Running the API with RStudio
So I'm going to just go ahead and save this here so that we can use some of the RStudio nicety so now once I've saved this as a plumber file you'll see that RStudio gives me this run API option and if I select this here we get this cool little interface that pops up in our viewer pane and this is a UI user interface that's been generated dynamically by plumber in combination with swagger which is the rendering tool that's been used here and this shows us you know here's our here's our title here's our description and if I change the values right we see capitalize some text is is what we see over here and if I went back and changed that and reran this we'd see the change updated here and if I come down here to capitalize we can expand this out we see our input text here we see an info some information about the different types of responses we might get back and I can actually go ahead and try this out we can say hello world and we can hit execute and there we go we have our response back a capitalized form of what the input that we provided.
Awesome now at this point like we've done like 95 of the work necessary to get this to work inside of tableau and and in fact if we just take a step back and kind of ignore tableau for a second and think about what we've done kind of more broadly we've taken this function that we wrote that capitalizes text and we've kind of turned it into this service that can be used regardless of the tool that's using it right like I could somebody writing python or somebody writing go or somebody writing c++ or java or whatever could call out to this service and say hey here's some text to capitalize and then r would execute what it needs to do and return back the capitalized text so we've made this kind of very generic interface to our function which can be super super useful.
Giving Tableau access with plumbertableau
Now at this point if I want to get this to tableau I have into tableau there's kind of like a couple of routes I could go one is I could start figuring out how exactly tableau wants to communicate with external services tableau has a very specific way of sending requests and and a very specific way in which it expects responses and I could go through and I could build out an api that meets that criteria or meets the contract that tableau expects an api to be or I could use the plumbertableau package which does all of that work for me.
So I'm going to go ahead and bring in plumbertableau now which as the name suggests is a package that expands the functionality of plumber to make it easy to build apis essentially that that operate as analytics extensions inside of tableau so once I bring the plumbertableau package in there's kind of two things that I now need to do one is there's a couple of new annotations that I need to provide when I describe my function one is tableau arg and then one is tableau return and and as you can probably kind of guess from the naming tableau arg is where we define the arguments that we expect tableau to be providing in this case that's this input text argument and we might have multiple arguments we could have input text one and input text two or you know we could have different things maybe there's parameters again this is a very simple use case but perhaps I have a previously trained machine learning model and I'm expecting tableau to submit new data and then I'm going to run that new data through my model and generate predictions and and then send the prediction the predicted outcomes back to tableau for further analysis in which case I might have you know a dozen or more different inputs that I expect to come from tableau and each one of those can be accompanied by this tableau arg this tableau arg specification here that allows me to define some information about that argument.
So here we're going to say this is input text is the name of the argument and its type is if I could spell its type is character right and then here's a brief description this is the text we want capitalized okay easy enough.

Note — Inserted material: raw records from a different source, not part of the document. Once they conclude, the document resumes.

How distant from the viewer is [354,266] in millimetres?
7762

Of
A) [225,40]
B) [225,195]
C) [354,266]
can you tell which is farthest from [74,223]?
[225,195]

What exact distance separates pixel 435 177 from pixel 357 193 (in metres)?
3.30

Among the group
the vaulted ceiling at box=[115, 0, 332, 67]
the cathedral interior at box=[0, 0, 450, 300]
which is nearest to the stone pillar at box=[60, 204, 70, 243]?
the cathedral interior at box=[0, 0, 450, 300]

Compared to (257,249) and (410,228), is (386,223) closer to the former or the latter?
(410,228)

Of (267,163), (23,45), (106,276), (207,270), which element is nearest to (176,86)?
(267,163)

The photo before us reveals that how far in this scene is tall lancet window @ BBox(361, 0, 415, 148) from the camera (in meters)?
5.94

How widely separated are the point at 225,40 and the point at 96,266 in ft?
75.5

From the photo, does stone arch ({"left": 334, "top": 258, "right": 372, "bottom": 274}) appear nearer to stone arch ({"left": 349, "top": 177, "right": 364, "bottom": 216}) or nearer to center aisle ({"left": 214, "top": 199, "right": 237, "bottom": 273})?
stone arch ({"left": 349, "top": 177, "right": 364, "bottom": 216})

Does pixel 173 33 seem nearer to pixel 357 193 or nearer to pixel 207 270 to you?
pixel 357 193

Tableau return is what is my extension sending back to tableau I first need to define what type of what data type I'm sending back so again I'm going to be sending back a character value and this is the capitalized input text okay so those two new things tableau arg and tableau return and the last piece here is I need to add this modifier down at the bottom and a modifier is simply a function that that makes changes to an existing plumber router so here the way to do that in this context is to use this plumber decorator and then we're going to say tableau extension and this is a function in fact we can just look at this really quickly this is a function that is exported from plumbertableau it's one of the only functions that the package actually exports and this and there's an example here of how you might use that in the way that we're using it here but essentially this function does all the necessary modification to the underlying api so that it matches and behaves the way that tableau wants it to and the advantage here is this means that as the as the r developer I don't need to necessarily worry about how tableau is communicating with my api I can trust that the api will communicate appropriately as long as I use this modifier once I've defined everything that I want to define within my api.

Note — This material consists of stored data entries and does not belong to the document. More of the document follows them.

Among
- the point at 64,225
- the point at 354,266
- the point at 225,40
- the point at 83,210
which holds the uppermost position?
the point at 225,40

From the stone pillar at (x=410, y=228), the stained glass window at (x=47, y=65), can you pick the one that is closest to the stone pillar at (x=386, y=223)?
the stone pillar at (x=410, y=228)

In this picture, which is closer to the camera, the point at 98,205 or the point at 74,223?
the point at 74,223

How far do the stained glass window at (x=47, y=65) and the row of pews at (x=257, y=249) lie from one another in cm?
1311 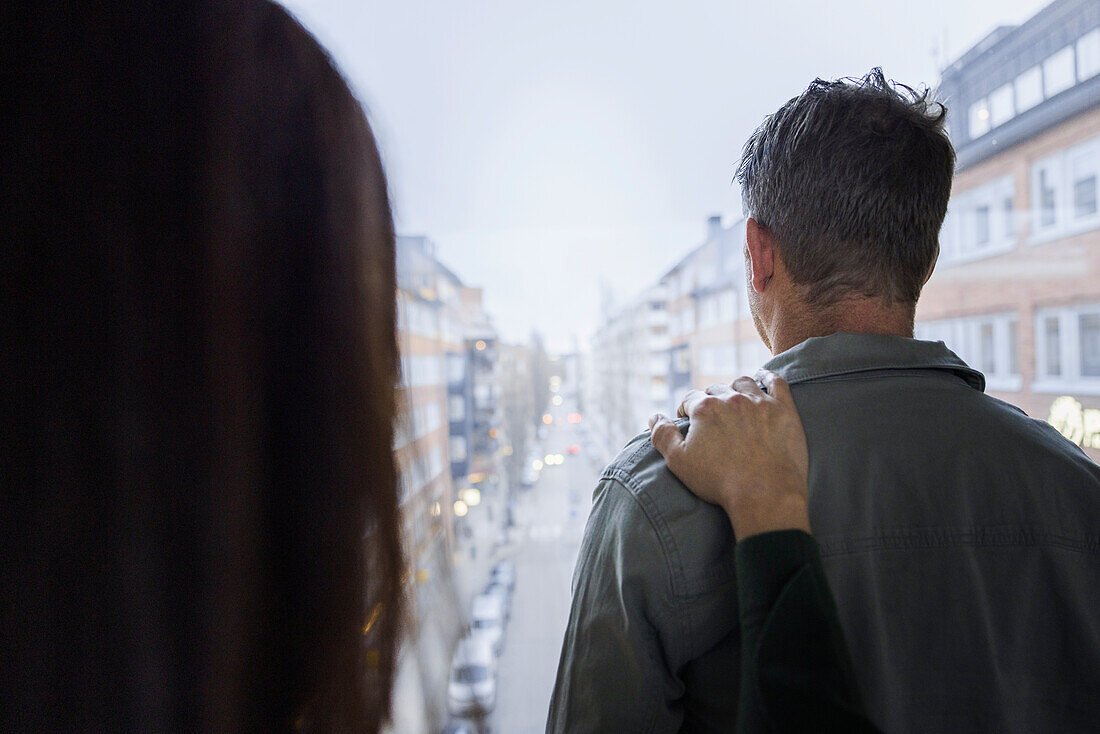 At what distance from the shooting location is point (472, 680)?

this means that as the as the r developer I don't need to necessarily worry about how tableau is communicating with my api I can trust that the api will communicate appropriately as long as I use this modifier once I've defined everything that I want to define within my api.

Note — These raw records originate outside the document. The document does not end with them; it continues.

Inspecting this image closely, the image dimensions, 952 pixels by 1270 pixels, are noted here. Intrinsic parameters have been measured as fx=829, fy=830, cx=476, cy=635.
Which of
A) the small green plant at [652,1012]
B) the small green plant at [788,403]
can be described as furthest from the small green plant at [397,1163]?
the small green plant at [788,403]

Reviewing the plumbertableau changes
So I'm going to save the file again just to review we brought in the plumbertableau package we added tableau arg and tableau return and we modified the api with this tableau extension function you might notice that I'm not actually executing the function and that's just kind of a semantic of plumber itself so here is is the function name or the function reference I'm not executing the function but I'm indicating call this function on the api that's previously defined and and allow that function to modify the api as it as it needs to.
With these changes in place if I run the api again I see basically the same page but there's a few kind of subtle differences one is these new links show up here these are automatically generated as part of this plumbertableau package and we won't spend time looking at them here but we will kind of in a moment once we transition to deployment but if I scroll down and open up my capitalized endpoint again now things look very different and the reason is is because one of the things that that plumbertableau does is it automatically will create and generate documentation about how tableau is going to interact with this particular extension as well as an example request of what tableau is going to submit so here this this request that we see here is in the format that tableau will be submitting requests tableau submits a json object with two kind of nested values script and data and so we see those referenced here and then the data object contains the actual data values that are being passed over from tableau.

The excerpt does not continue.